How to Detect Tables in PDF with Scanned Images

It might might seem impossible to detect tables in scanned images: there is no text in an image, hence there cannot be a table either. While it is true that an image is not textual data, it could represent text. So, if we want to have some hope of finding a table, we must first detect and extract any text contained in the image. Luckily we can actually extract textual information from an image, using OCR techniques, Optical Character Recognition.

This is the first step: we try to detect text with OCR software. The best open-source software for this task is Tesseract, so that is the one used by the software we chose to analyze images. OCR has improved a lot from its clunky origins. Some commercial software can even recognize your own handwriting (after some training). Tesseract is not quite there yet, but it generally works well enough for some needs.

The PDF Format Has a Secret

Once we have detected all the text we can get from the PDF, we have a new problem. We have gained some text, but we have also lost all information about the position of the text, so we have no chance to understand whether there is a table or not. That would be bad. However, this time the PDF format is helpful, in that it allows to precisely annotate an image.

Basically we can hide inside the PDF the text found by OCR in the exact position in which it appears in the image. This feature is also used to copy-and-paste from PDF containing scanned images.

Let’s see an example of a PDF containing a scanned image that has been annotated with text detected by OCR software. The original PDF had no text in it. In the following image all the text in the PDF has been selected. This is the content that you could paste manually somewhere else.

Example of an annotated PDF containing a scanned image with text selected
Example of an annotated PDF containing a scanned image with text selected

Now let’s compare that result with the text found directly in a textual PDF. Also in this image the text has been selected.

Example of a textual PDF with text selected
Example of a textual PDF with text selected

As you can see the organization of the text looks fairly similar.

How Can We Do That?

All we have to do is to put back the text inside the PDF. Then we will have a textual PDF on which to use the methods learned in the previous section. We would not be able to use the Lattice method, but we could use the Stream one and look at whitespace to detect any table.

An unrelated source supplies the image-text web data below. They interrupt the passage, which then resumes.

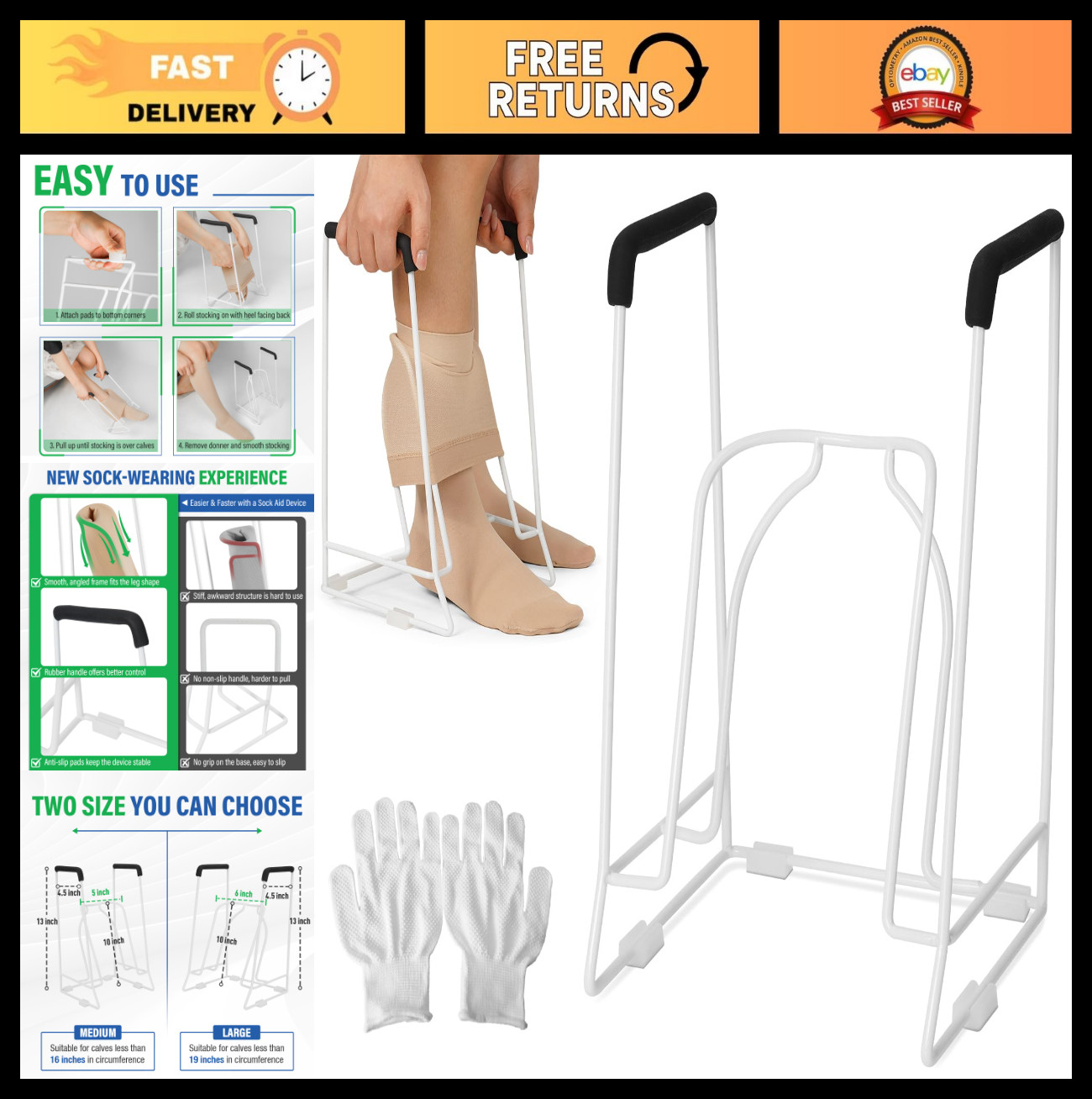 Compression Sock Aid Tool for Seniors | Easy Stocking Donner for Medium Calf ( 1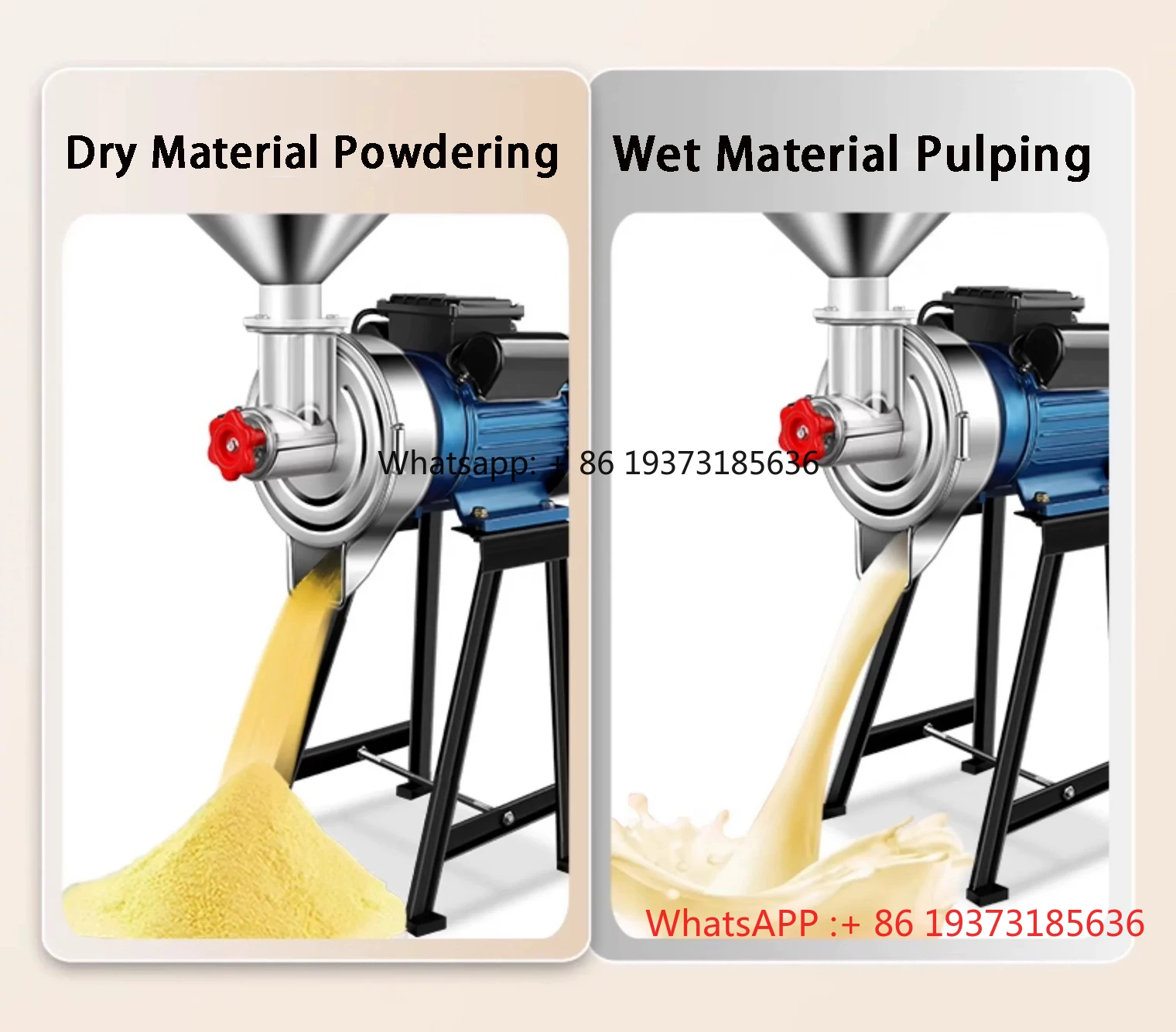 

Многоцелевая машина для измельчения зерна 5-в-1 из нержавеющей стали, машина для измельчения порошка кукурузы/пшеницы/сеявых бобов для дома и фермы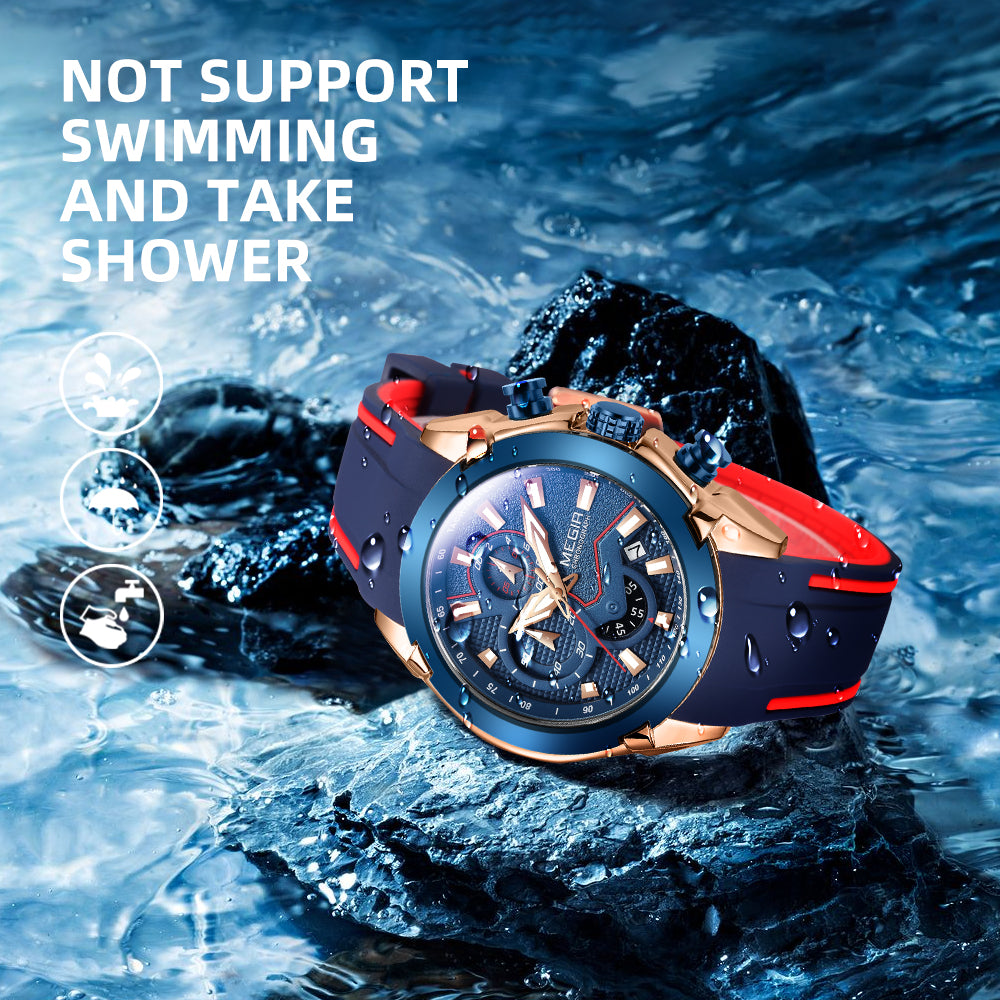 MEGIR Fashion Men's Watches Silicone Military Sport Watch Waterproof Date Chronograph Clock Wristwatch Relogio Masculino 2065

There is a software that could do all of that: both use OCR to get the text in the PDF and annotate the PDF with the textual information. It is called OCRmyPDF. It is designed to annotate an image PDF to make it searchable, but it works for our task too.

Now we have a general idea of how the whole process will will work, so we can start looking at some results.

It’s a Job for Sysadmins

As you probably guessed by now, you do not really need developers for this. To have a process that is robust and suited to your business needs you want a sysadmin.

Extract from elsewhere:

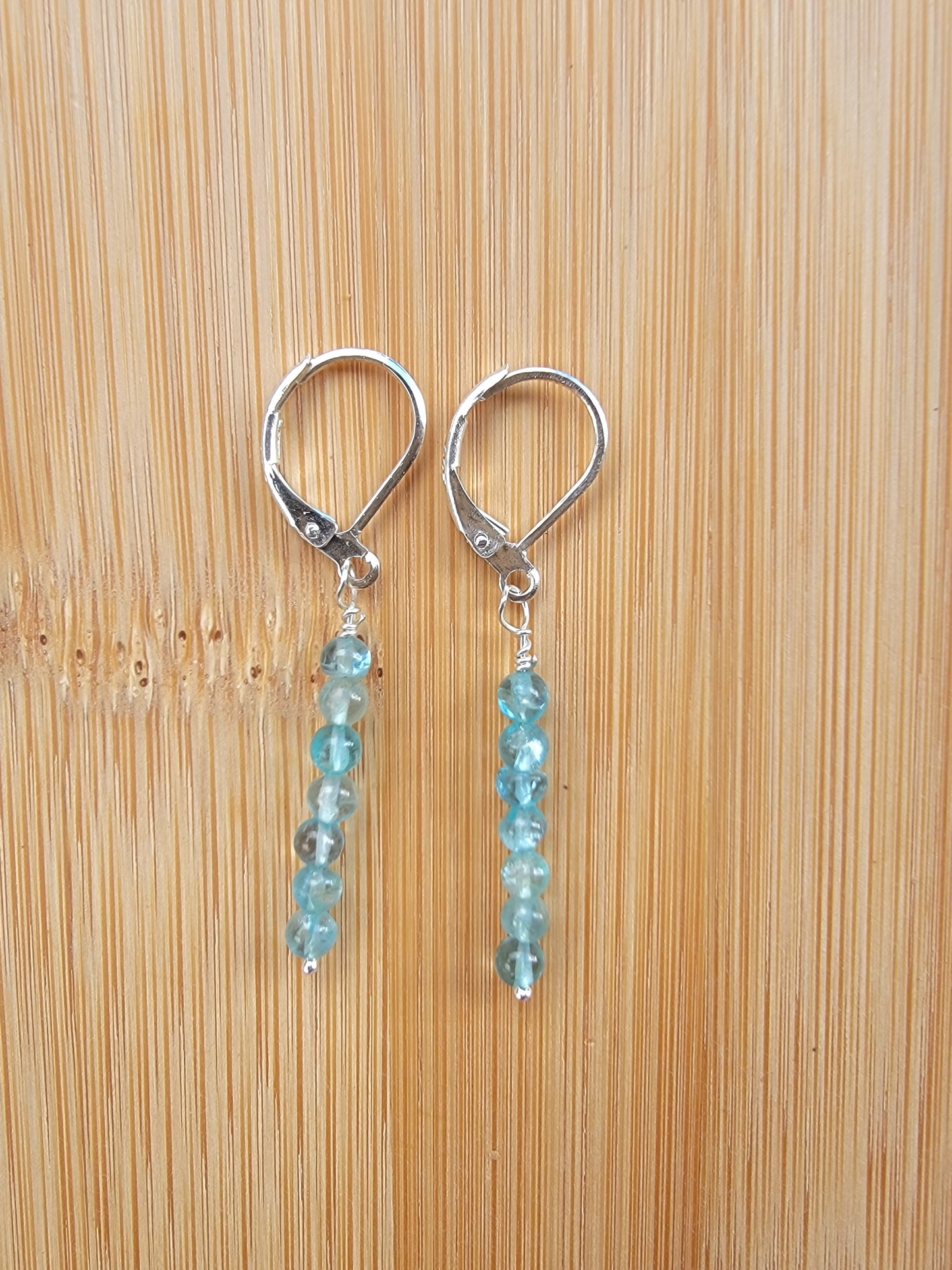 Minimalist Bar Earrings Blue Apatite Crystal Gemstone Drop Dangle Boho Jewelry Sterling Silver Handmade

You need somebody that has in-depth knowledge of what PDFs you work with it, how your organization works and how to put together some code. Now, we are not sysadmins, and we are certainly not your sysadmins. However, we can help you to understand how all of this will work.

The main software we are going to use are Camelot and OCRmyPDF, which are both written in Python. The first one works on all major desktop OSes. The second one does not work on Windows, although there is a Docker image available. The first one is both a library and command-line tool, while the second one is a command-line tool.

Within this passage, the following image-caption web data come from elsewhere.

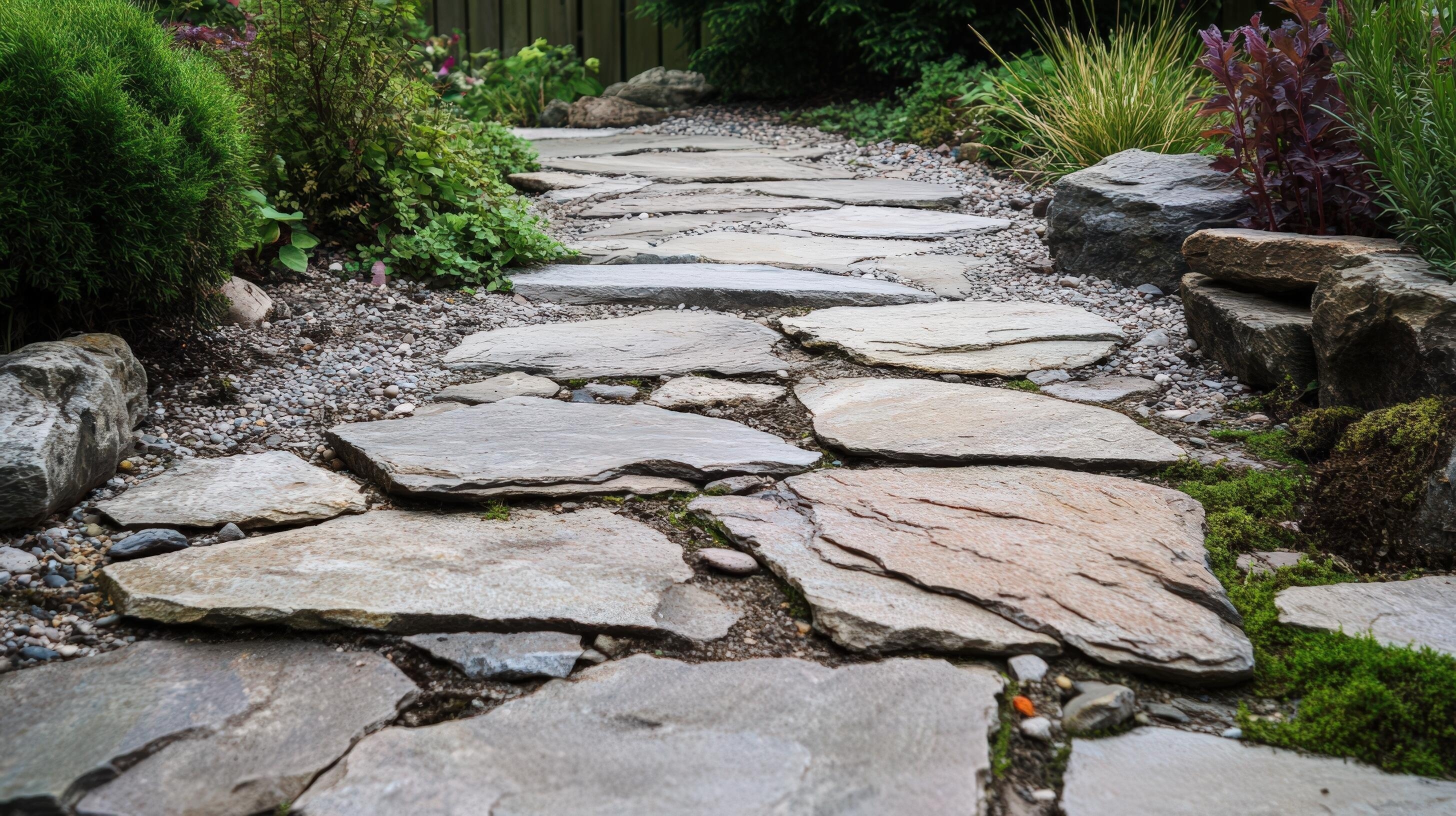Stone pathway with irregular flat stones surrounded by green plants and small pebbles on sides.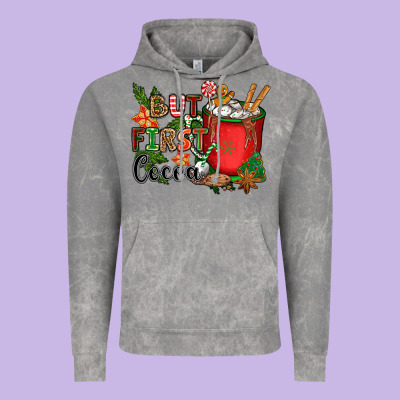 But First Cocoa Vintage Hoodie Designed By Cowgirlartshop
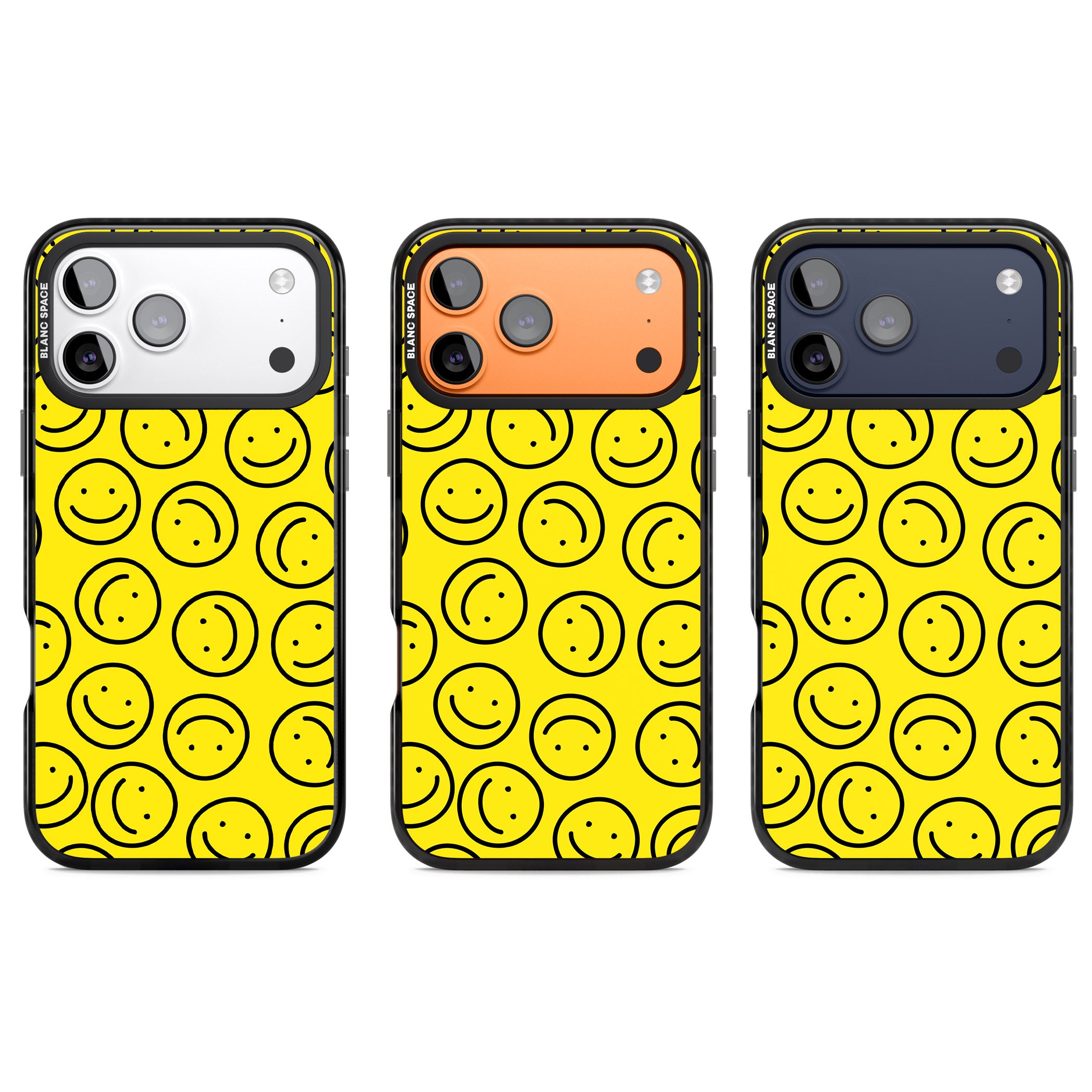 Happy Face Pattern iPhone 17 Pro Impact Black Phone Case APT Impact Protection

You might also want to look at Excalibur, a web interface for Camelot. This can be quite useful given that the process is inherently non-deterministic. So you can use Excalibur to allow an average user to check and eventually tinker with the detection of the table in a PDF to improve the final result.

Installation Notes

In summary you have to install:

  • OCRmyPDF, to use OCR on PDFs containing images
  • Camelot, to detect the tables inside PDFs
  • Excalibur, if you want a web interface for Camelot

The links point at the installation instructions contained in the respective documentation. This is where you should look to find out precise information on how to install these software and all their dependencies for your platform. Here we just mentioned a few notes related to our experience.

If you want install Camelot with pip:

  • it is camelot-py and not camelot
  • Python tools are not that good: they do not really ensure all dependencies are present. So a software that frequently you have to manually install is OpenCV. You can do that with pip install opencv-python

For OCRmyPDF, remember to install all the tesseract language packs you will need for your use case. And also consider that the version in the repository of your distribution might be severely outdated.

Let’s Make Sure There is Some Text

The first step is to make sure there is some text into the PDF, by using OCRmyPDF. If you only have either full scanned images PDF or fully textual PDFs you can safely call the tool on each PDF. When a PDF contains just images you will get an annotated PDF, otherwise you will get this error message.

ocrmypdf -l eng --rotate-pages pdfs/Eurostat_Immigration.pdf pdfs/Eurostat_Immigration_OCR.pdf
  ERROR -    1: page already has text! – aborting (use --force-ocr to force OCR)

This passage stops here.